Fox Sports used a drone for the broadcast of the US Open golf tournament.
With close to a 1000 CAA licensed drone operators in the UK the challenge of finding a company capable of doing the right job is presenting an issue for film and TV producers. The industry is growing so fast that researching an outfit by viewing their website or requesting a showreel is not sufficient. “This is the most we are tackling at the moment,” says Ben Fisher, Co-Founder & CEO of UAV bookings agency Bookadrone. “How do producers distinguish the options and make the right choice in an increasingly busy market?”
Here is some guidance for prospective producers in search of a drone operator:
First and foremost, anybody buying a drone service must do so from a licensed operator. This will mean that the pilot has been trained, understands the rules and regulations of the country of operation and obtained a permission for aerial work. In the UK, the UAV company also needs a CAA-certified operational licence which includes insurance. All of these have expiry dates and need to be kept up to date.
The standard CAA licence forbids flying anything heavier than 7kg in congested (heavily populated/urban) areas but operators can obtain a special licence called Congested Areas Operating Safety Case (CAOSC) from the CAA to fly UAVs weighing up to 20kg anywhere.
Most operators are licensed to fly in the daytime, some have exemptions for night flying too.
Weather conditions can play havoc with any location shoot but excessive wind will ground flights. Clearly, it's hard to judge that until a few days before the shoot but a contingency plan is handy should the UAV action be postponed.
Most operators need to adhere to a flying ceiling 400ft altitute above the point of the take off and 500 metres horizontally away from people or structures and they must have visual line of sight. This is a pretty standard box for UAV filming.
Rates vary between £800 to £2000 ($1.200 - $3000) per day (with the more experienced pilots commanding a better rate) but average around the £1000 mark. This fee includes everything from pre-planning, including sight recces and gaining access permissions to film, as well as the acquisition kit of rigs, cameras, batteries etc. A typical set-up will be a DJI S900 with a payload that supports a DLSR camera such as the Panasonic GH4.
It pays to pre-plan of course, rather than leave everything to the last minute. Bookadrone enquiries average out at two-weeks prior to shooting, but Fisher says a month would be better. Some CAA air traffic control permissions can take seven to ten days. “You want a good, detailed brief including of the flight location which is critical to start the planning process,” he says.

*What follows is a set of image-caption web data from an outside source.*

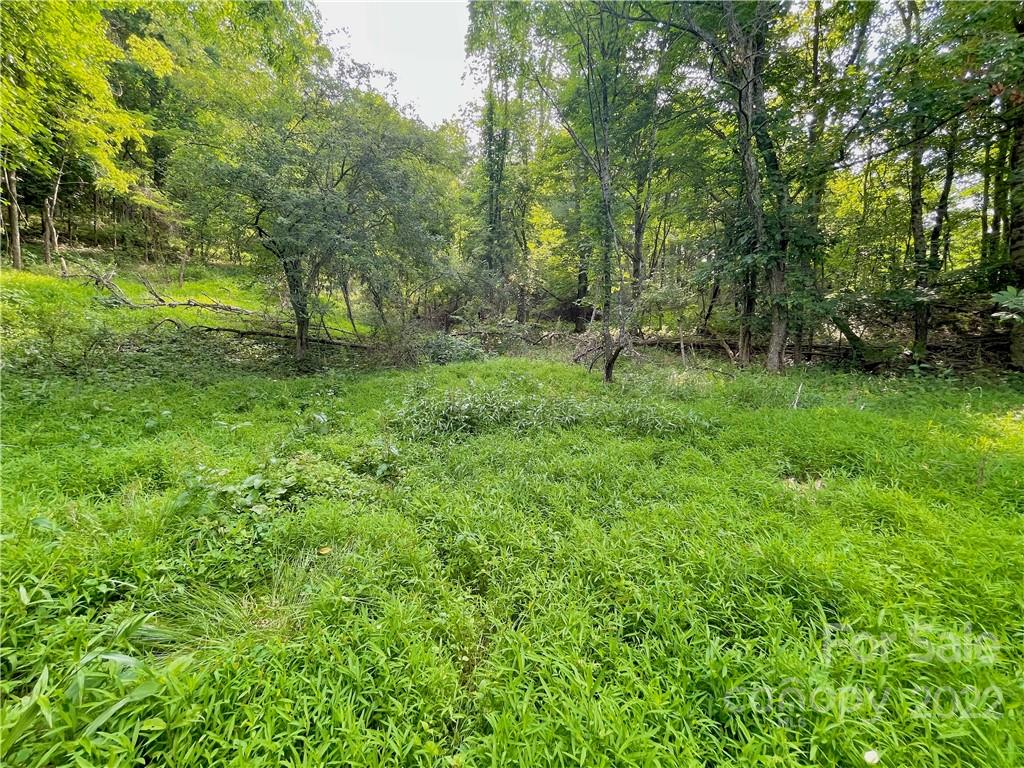 1125 Church Road Boone, NC 28607 - Photo 37 of 43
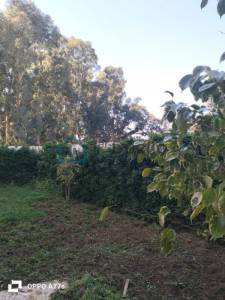 La Soukra&nbsp;La Soukra&nbsp;Location&nbsp;Appart. 1 pi�ce&nbsp;A  un magnifique s2 avec jardin  ref294a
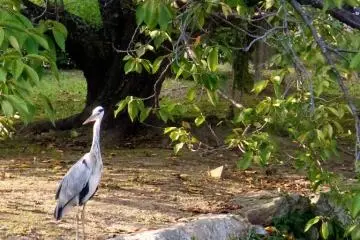 A grey egret at "White Egret Castle"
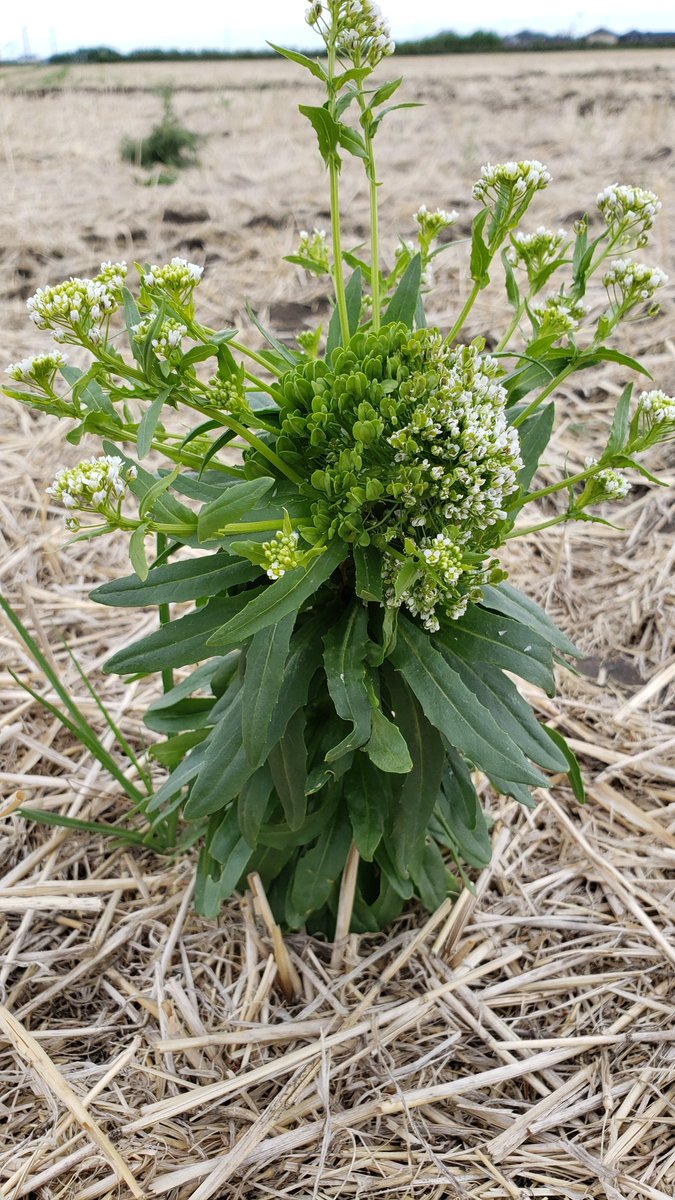 TylerWist1's tweet photo. Hello. I'm a stinkweed. A biennial plant that might be a "green bridge" between years for the #asteryellows phytoplasma spread by aster #leafhoppers. Today, I might have proved @TylerWist1 's theory on #NationalInsectDay @westerngrains @SKAgriculture @SaskCanola #GCInsect https://t.co/5le23Grllu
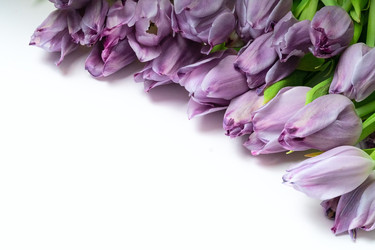 Similar image 22292459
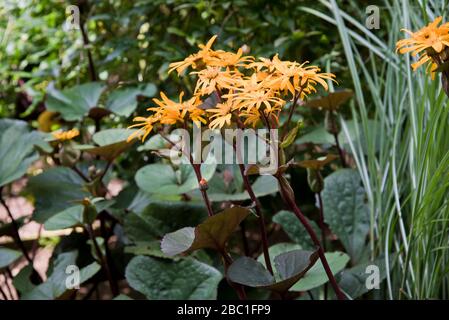 Ligularia dentata othello Stockfoto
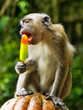 monkey eating ice cream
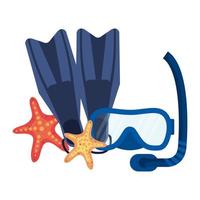 diving snorkel mask and fins with starfish vector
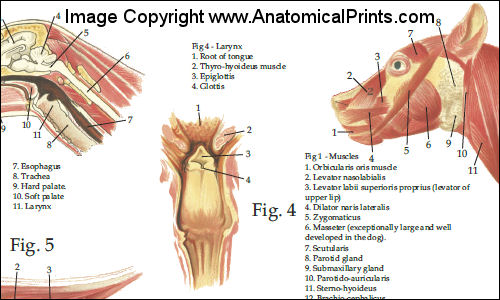 Dog Anatomy Chart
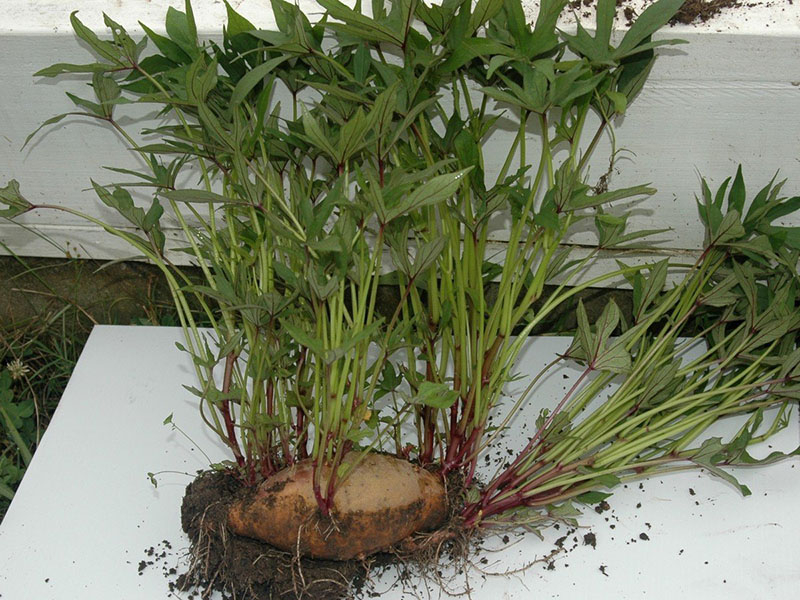 Ist der Anbau von Süßkartoffeln in der Mittelzone möglich?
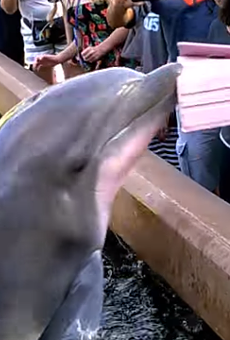 Even dolphins think you shouldn't take photos with a tablet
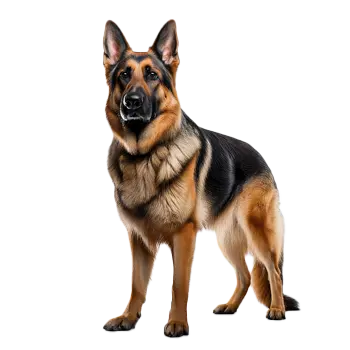German Shepherd Dog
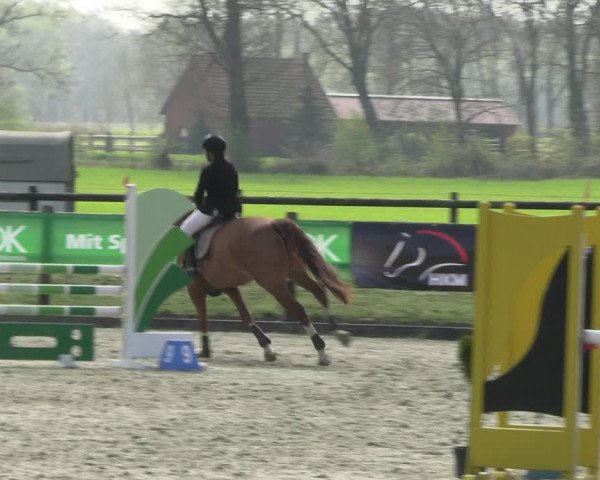Reitturnier Diepholz 2023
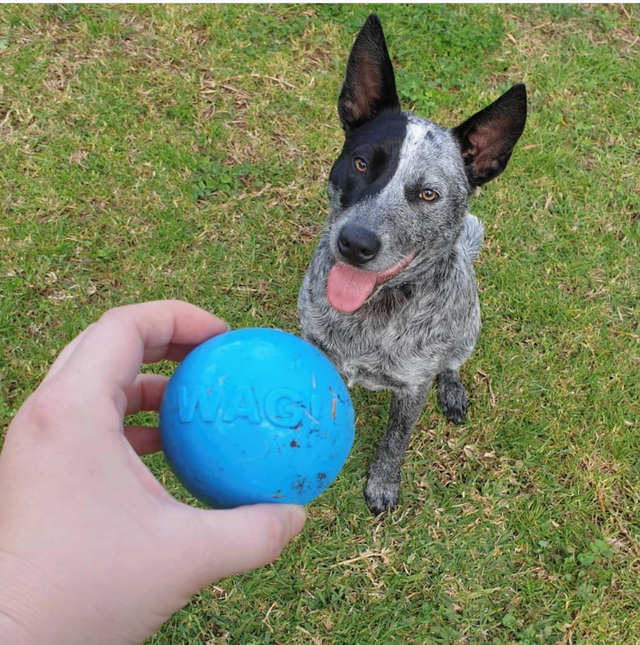 Jouet à mâcher et à récupérer en caoutchouc synthétique durable Wag Ball.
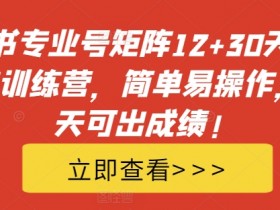 揭秘小红书高利润旅游项目，一单十万的玩法拆解教程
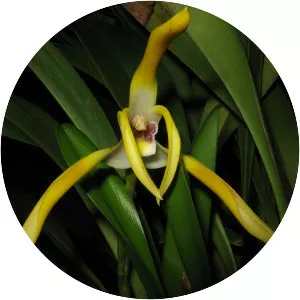 Maxillaria triloris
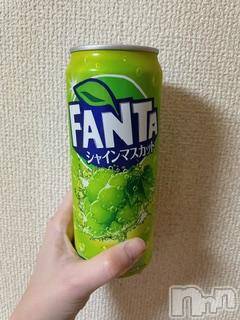 ĮХ顦֥ ץ ( ץ ) ߤ716̥֥֡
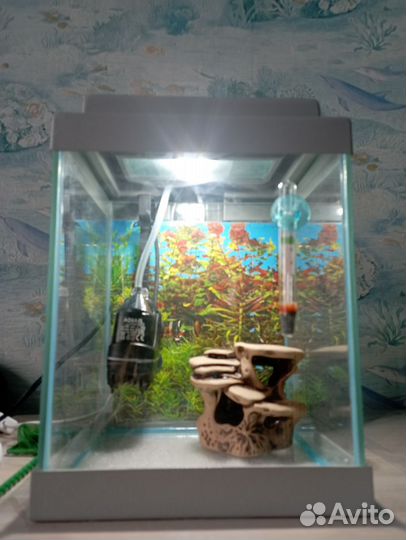 Аквариум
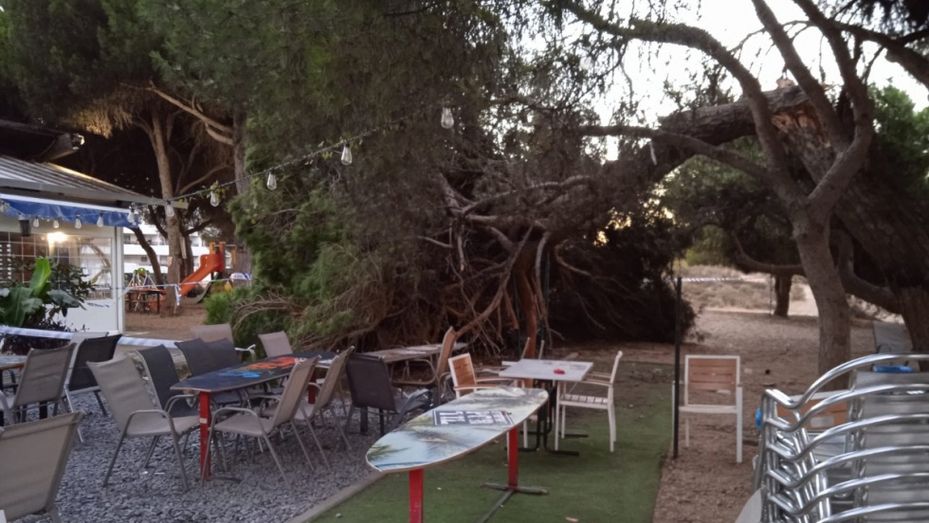 El Surf Bar reabrirá este jueves tras la revisión de toda la terraza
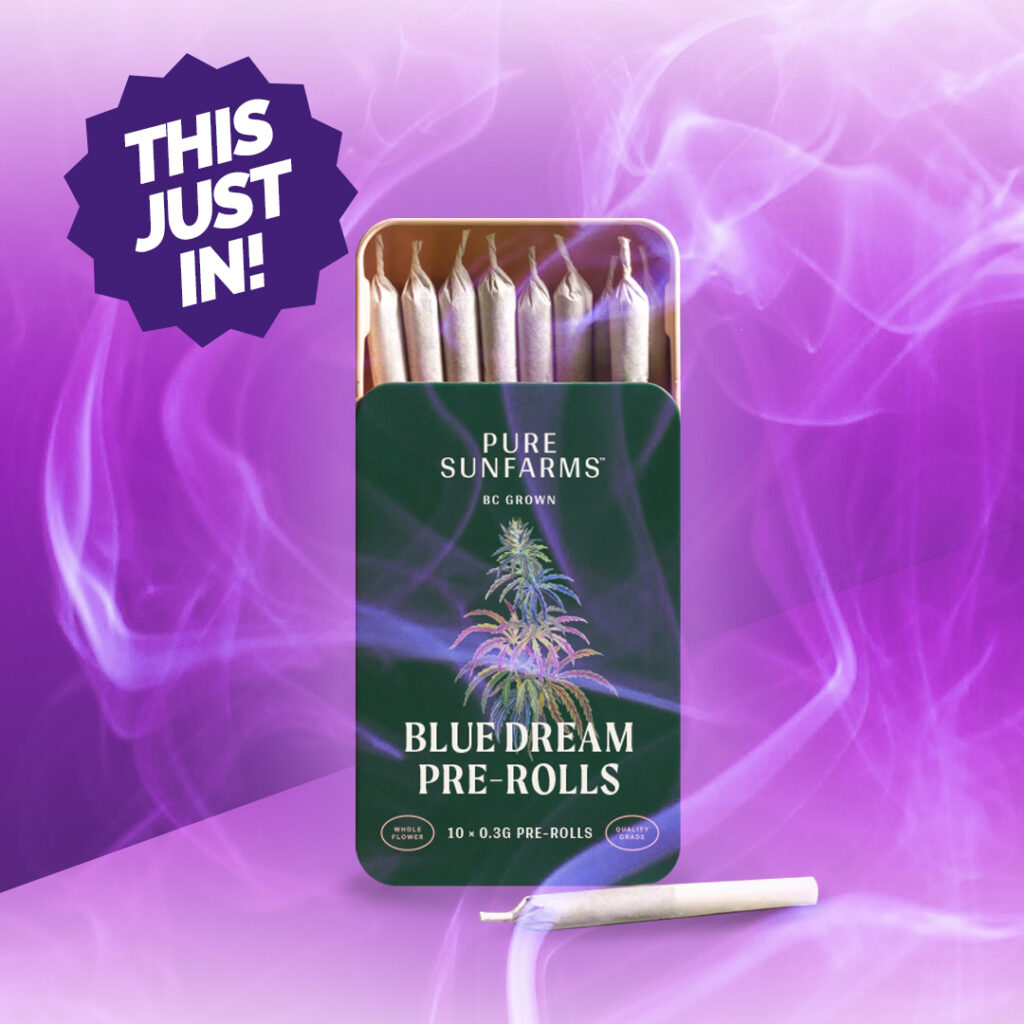 pure sunfarms blue dream prerolls new arrivals at purple moose cannabis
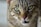 gray tabby cat in close-up photo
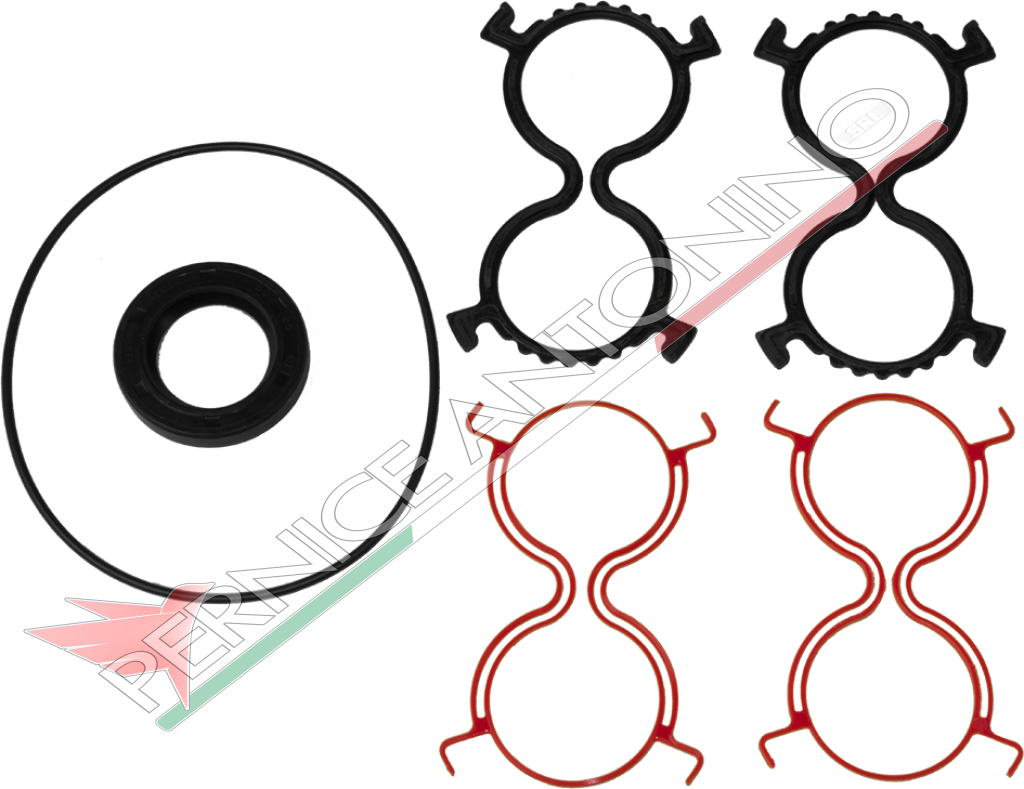 Gasket kit for hydraulic pumps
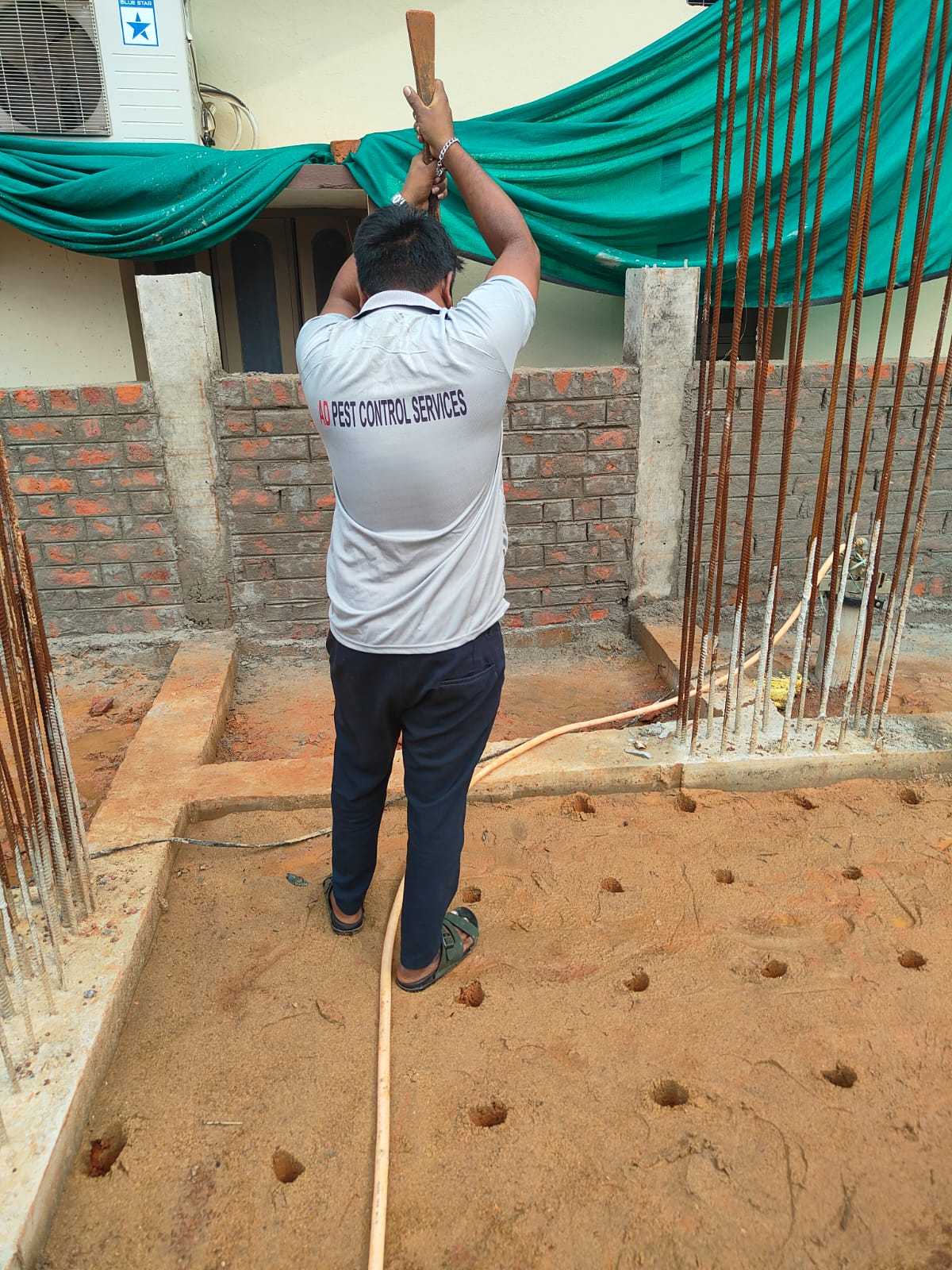 AD Pest Control Treatment 10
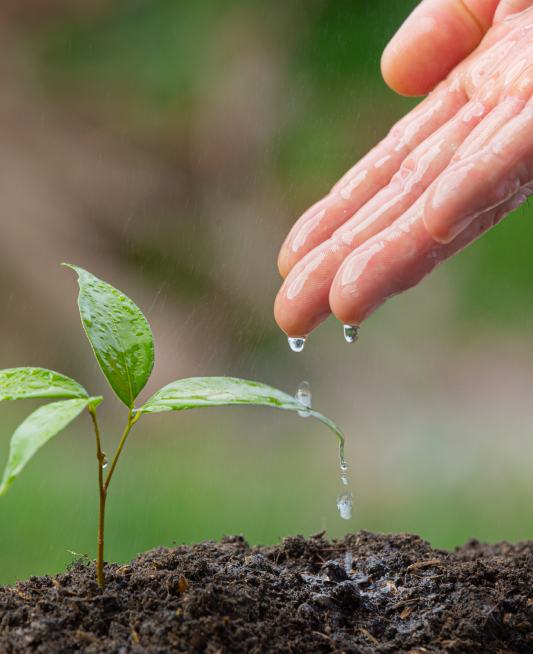 imagen planta y medio ambiente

For heavy-lifting of cinema-style cameras (RED, Alexa Mini, F55) the DJI S1000 octocopter or Intuitive Aerial Aerigon hexacopter are popular airframes. The additional propellors generate greater lift although by upping the payload and the specification of the machine the price will rise also.
There are one-person operable drones and also follow-me style ones which don't require a pilot but professional film and TV makers won't get more than basic shots using this route.
A spotter could be added to the crew at a rate of around £200 per day. While the pilot flies and the camera-ops controls the gimbal and liaises with the DP, the spotter will be on crowd control duties.
Fisher suggests that there's widespread concern among UAV operators about the downward pressure on rates but that rates are likely to reduce further as more competition and cheaper kit arrives to market. Partly for that reason he believes operators need to distinguish – or better market - their specialisms and capabilities
Bookadrone is building a new web platform, called Air Atom, which aims to help educate media buyers about the various specialisms on offer. It will also contain a database matching clients with the right UAV supplier.
“UAV services for media are different to those with clients in data acquisition such as surveying for agriculture, mining or property,” Fisher explains. “The media side is more creative. It's about interpreting a brief or an idea from a production company, brand or director. The piloting of the drone will tend to be more precise. The data acquisition side of things will likely become increasingly automated.”
Bookadrone has 23 operators on its books including Horizon AP. Liverpool-based Ironbird, Batcam, Halo Aerial Imaging, Rotor Visuals, Skyvantage, Cloud 12 and Bee Aerial.